Le lieutenant Alexander Fadin avait déjà vu des chars à tourelles rondes, comme le fameux Type Rokossovsky, mais sa tourelle ressemblait davantage à une carapace de tortue que celle qui se tenait devant lui, encore plus arrondie.
Le char s'arrêta devant le lieutenant Fadin, et d'après le bruit du système de freinage, il ne semblait pas aussi lourd que le Type Rokossovsky, probablement un char moyen.
La trappe arrondie de la tourelle s'ouvrit et un Tankiste en sortit : « Lieutenant Davarish, avez-vous besoin d'aide ? Le véhicule médical de notre bataillon est juste derrière, une courte marche et vous le verrez. »
Le lieutenant Fadin répondit : « Il y a une position d'embuscade ennemie plus loin, à la cote 202,1 ! Les chars ennemis utilisent le terrain pour ne laisser dépasser que leurs tourelles, ce qui est très difficile à traiter ! »
Le tankiste au casque couvercle de marmite sourit : « Voyez ce canon de 100 mm ? C'est le même modèle que sur le Tourbillon, et actuellement, aucun char prosien ne peut encaisser un tir direct à l'avant de sa tourelle avec cette chose ! »
Le lieutenant Fadin dit : « L'ennemi a un grand nombre de Long-Canon-Quatre, j'en ai vu au moins vingt ! »
« Ne vous inquiétez pas, Davarish, nous en avons trente-et-un ! Plus dix autres sont hors service mais nous rejoindront bientôt. Merci pour le renseignement, lieutenant. Votre mission est terminée, laissez-nous faire le reste ! »
Après avoir dit cela, le tankiste sur la tourelle salua, puis tapa sur le toit de la tourelle : « En avant ! »
Fadin s'écarta vivement. Au rugissement du moteur du nouveau char, tout le véhicule bondit en avant avec agressivité avant de se stabiliser à une allure de croisière normale.
Ne serait-ce que par la puissance, il valait mieux que le T34 ! Quant à ses capacités défensives, Fadin avait quelques doutes sur la forme arrondie du nouveau char, mais savoir que la conception avait probablement été approuvée par le général Rokossovsky lui-même dissipa ses dernières inquiétudes.
Le général Rokossovsky accordait une importance particulière aux capacités défensives des chars, voulant assurer la survie des tankistes ; donc, la défense du nouveau char moyen ne serait pas inférieure à celle du T34.
Tandis que le lieutenant Fadin regardait le char s'éloigner, un sergent se mit à compter : « 12345… »
« Qu'est-ce que vous comptez ? » demanda le lieutenant Fadin, perplexe.

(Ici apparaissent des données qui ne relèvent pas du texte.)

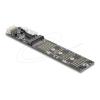 Delock OCuLink zu M.2 Key M NVMe SSD Konverter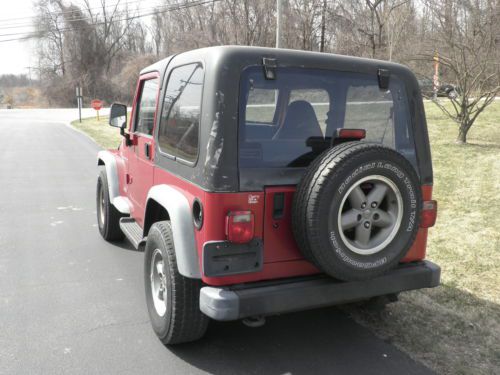 ***Jeep Wrangler 4x4 - 5 Speed Manual!! A/C - 4/15 PA Inspection***BEST BUY***, image 6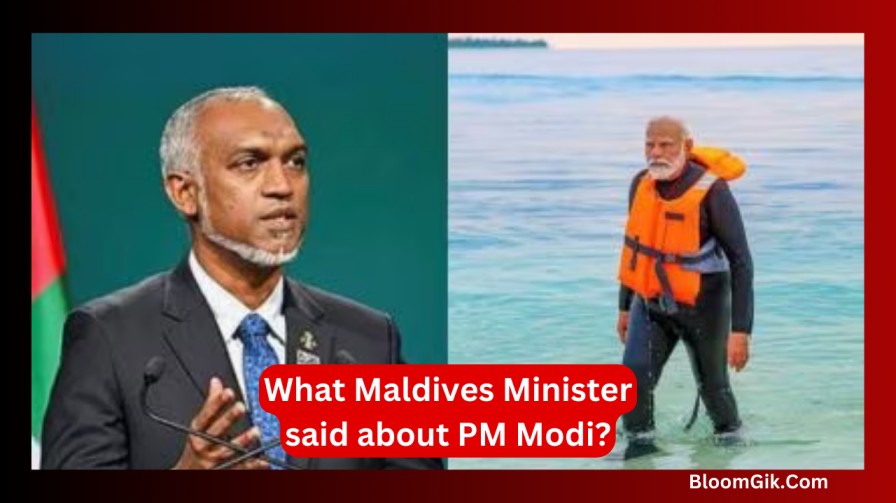 What Maldives Minister said about PM Modi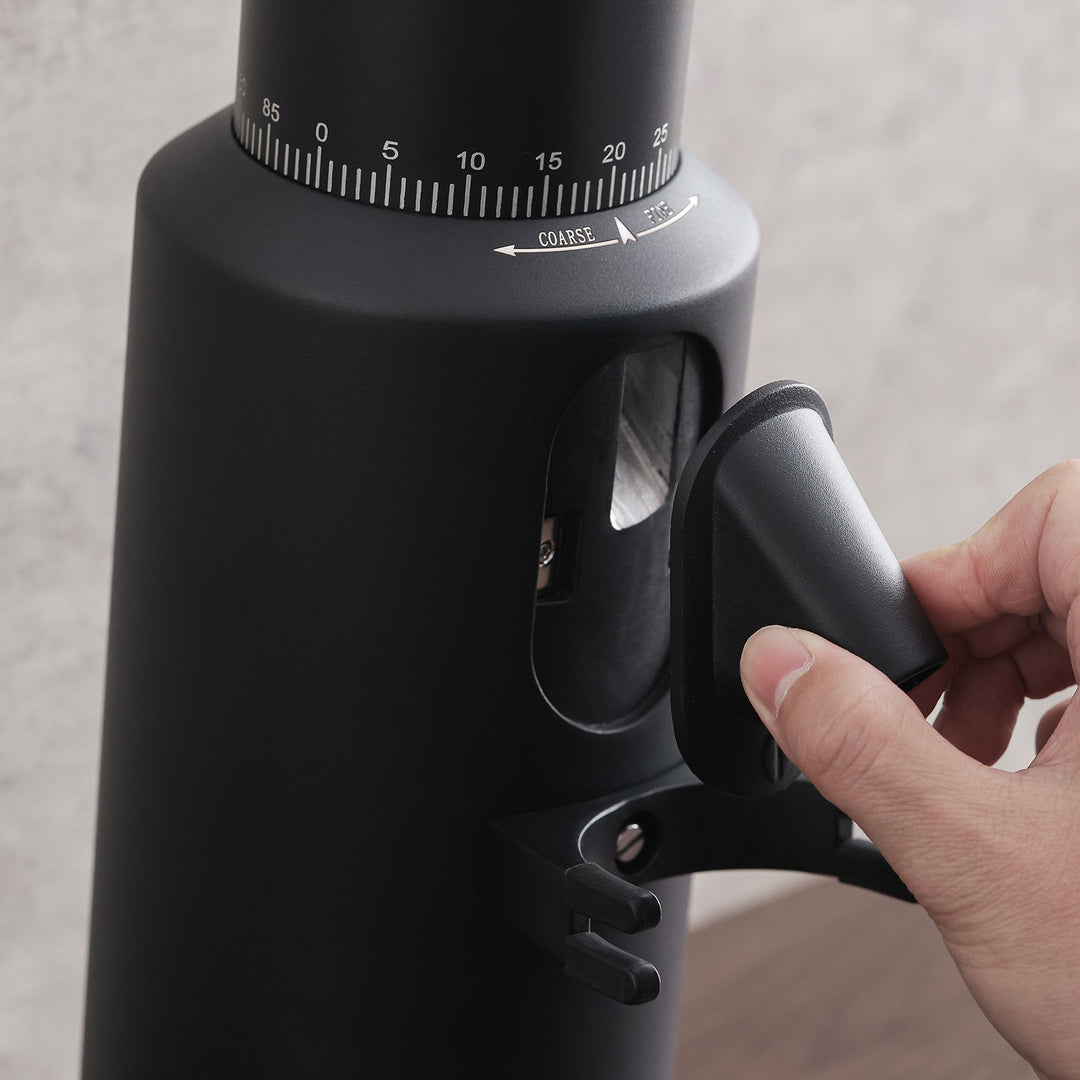 Oodle Coffee Top 64mm Burr Grinder Setup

« Les roues ! Ce char a cinq paires de grandes roues de route, comme le T34 ! »
Le lieutenant Fadin répondit : « Vous n'essayez pas de dire que sous prétexte que ses roues de route sont les mêmes que celles du T34, c'est un T34, si ? »
« Non, bien sûr que je ne dirais pas ça. D'ailleurs, les roues du T34 sont disposées très régulièrement. Celle-ci, il y a une distance entre la première paire de roues et les quatre dernières ! »
À ce moment-là, d'autres chars à casques couvercle de marmite étaient passés, et Fadin remarqua que les nouveaux chars étaient plus longs que le T34, donc l'espacement entre la première et la deuxième roue de route avait été augmenté.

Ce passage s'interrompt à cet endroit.